:: Material provided ::

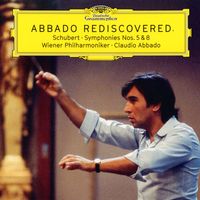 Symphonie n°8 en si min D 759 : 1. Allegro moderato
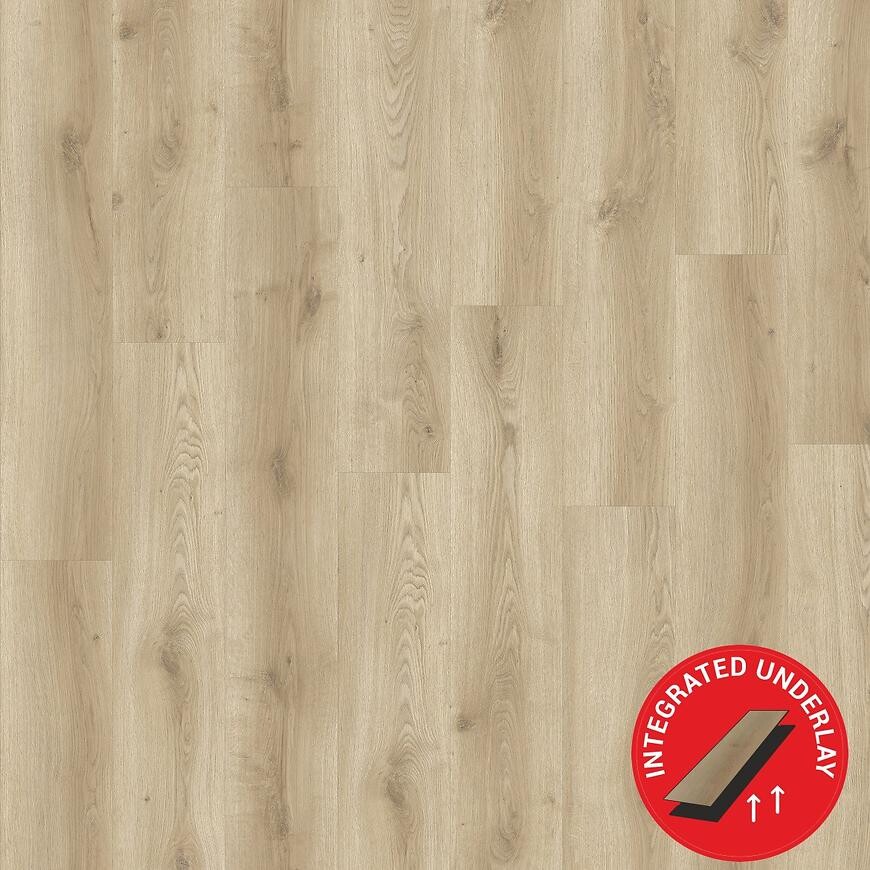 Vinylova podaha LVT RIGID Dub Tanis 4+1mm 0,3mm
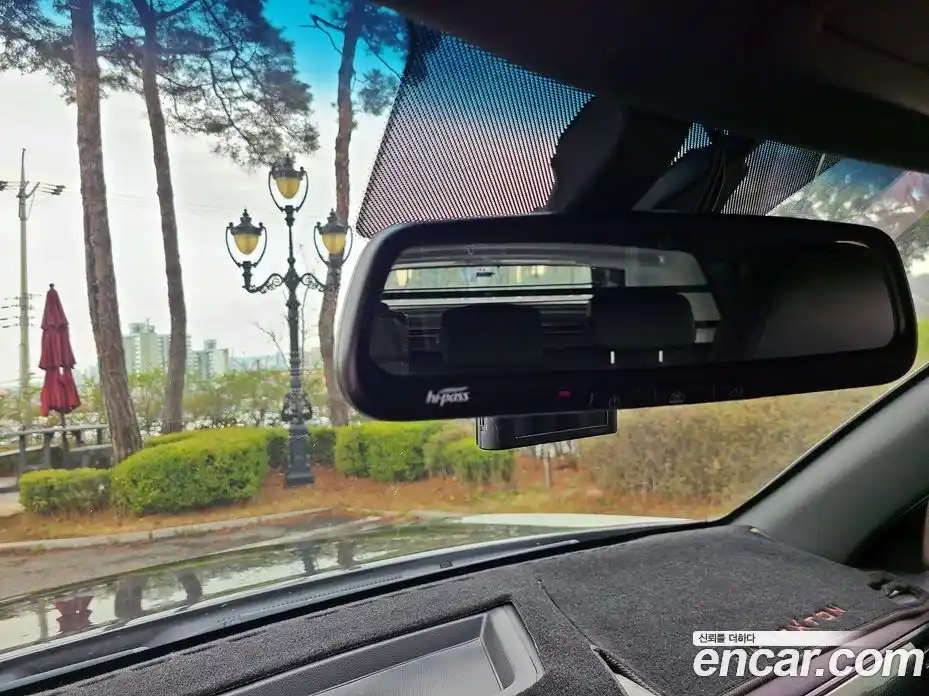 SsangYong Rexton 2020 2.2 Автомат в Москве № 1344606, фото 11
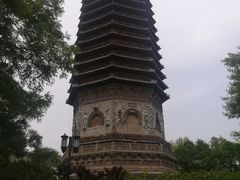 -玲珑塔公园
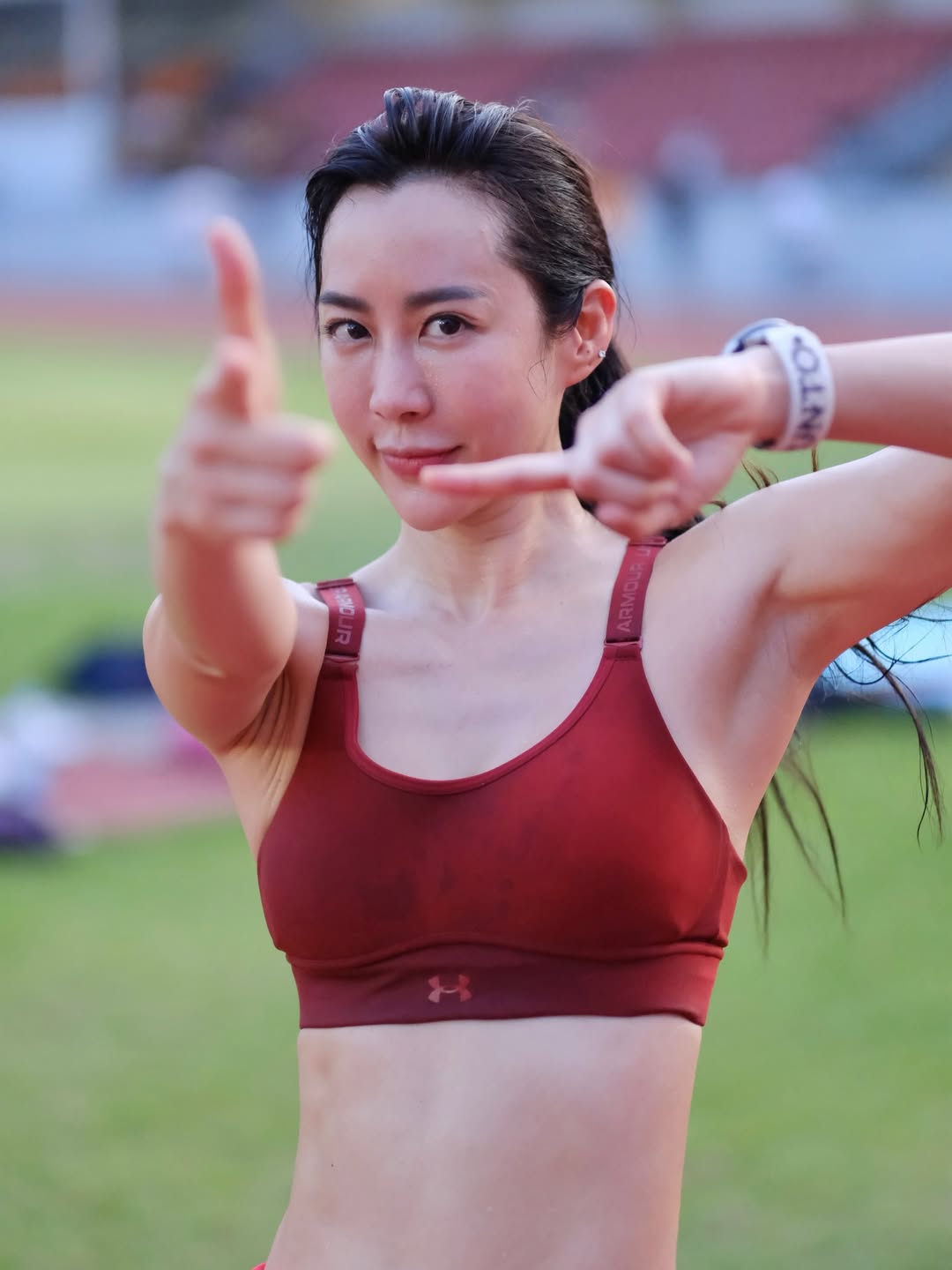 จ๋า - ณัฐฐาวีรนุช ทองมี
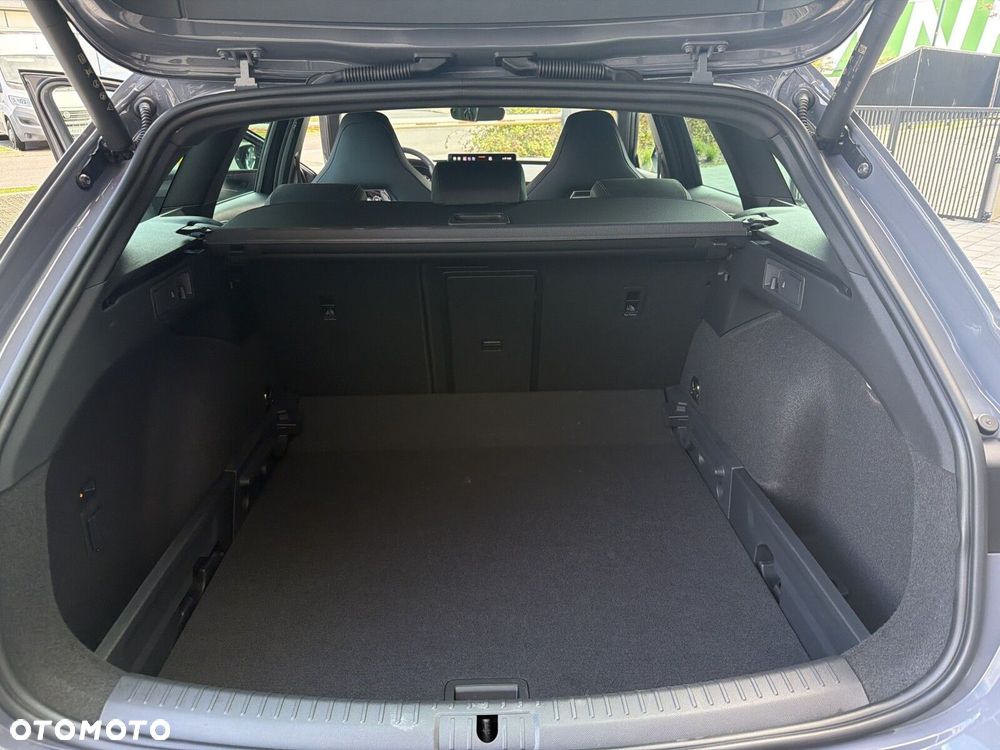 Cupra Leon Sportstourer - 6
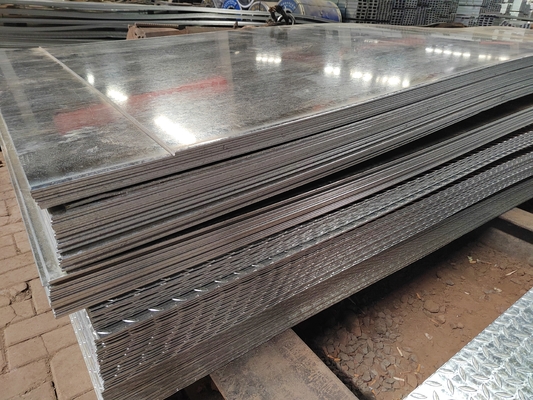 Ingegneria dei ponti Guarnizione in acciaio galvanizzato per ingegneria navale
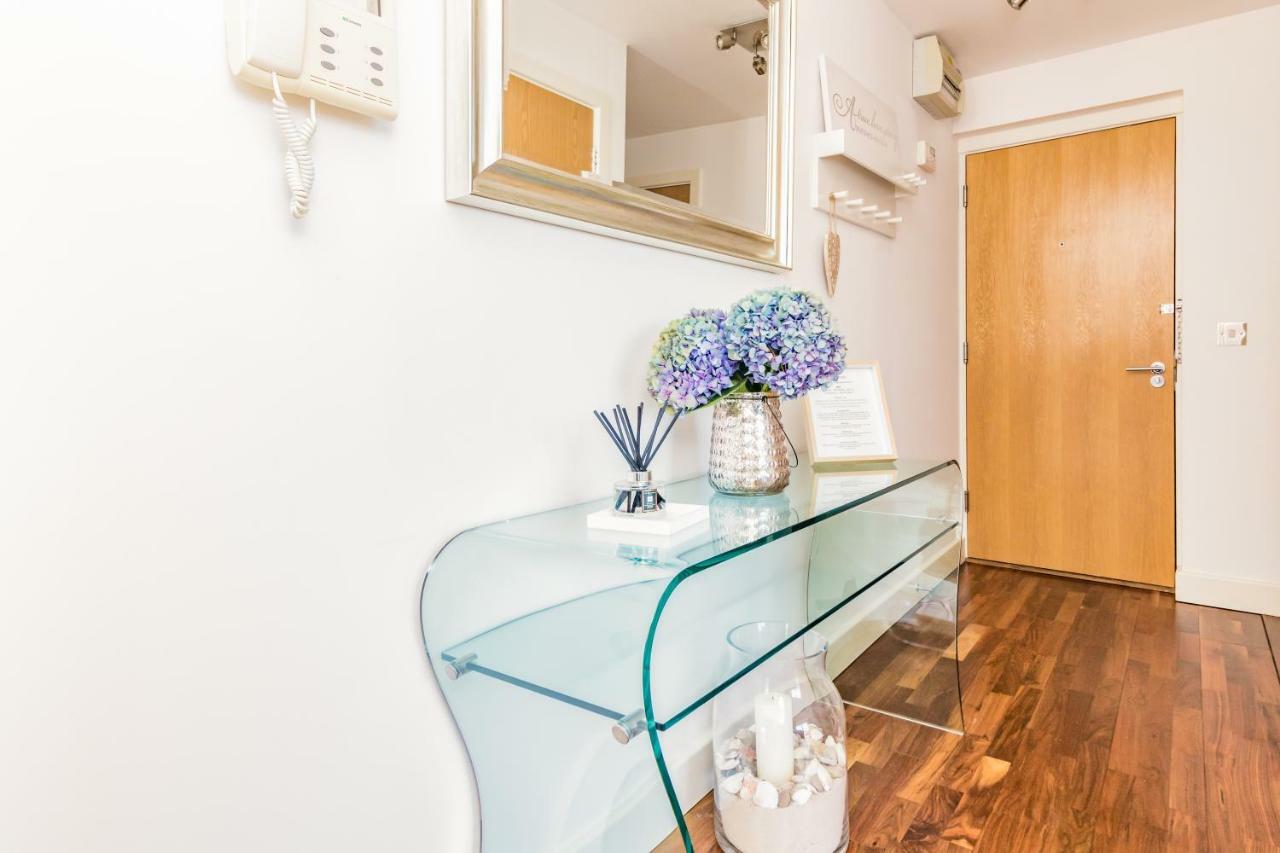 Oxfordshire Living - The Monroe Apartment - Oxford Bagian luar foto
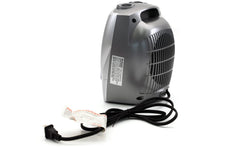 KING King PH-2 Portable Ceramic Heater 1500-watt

:::

■ Aim of the task:
Retype exactly the lines from the one containing "จ๋า - ณัฐฐาวีรนุช ทองมี" through the last line of the records above, both included, and leave out any pictures.

■ Response:
 จ๋า - ณัฐฐาวีรนุช ทองมี
 Cupra Leon Sportstourer - 6
 Ingegneria dei ponti Guarnizione in acciaio galvanizzato per ingegneria navale
 Oxfordshire Living - The Monroe Apartment - Oxford Bagian luar foto
 KING King PH-2 Portable Ceramic Heater 1500-watt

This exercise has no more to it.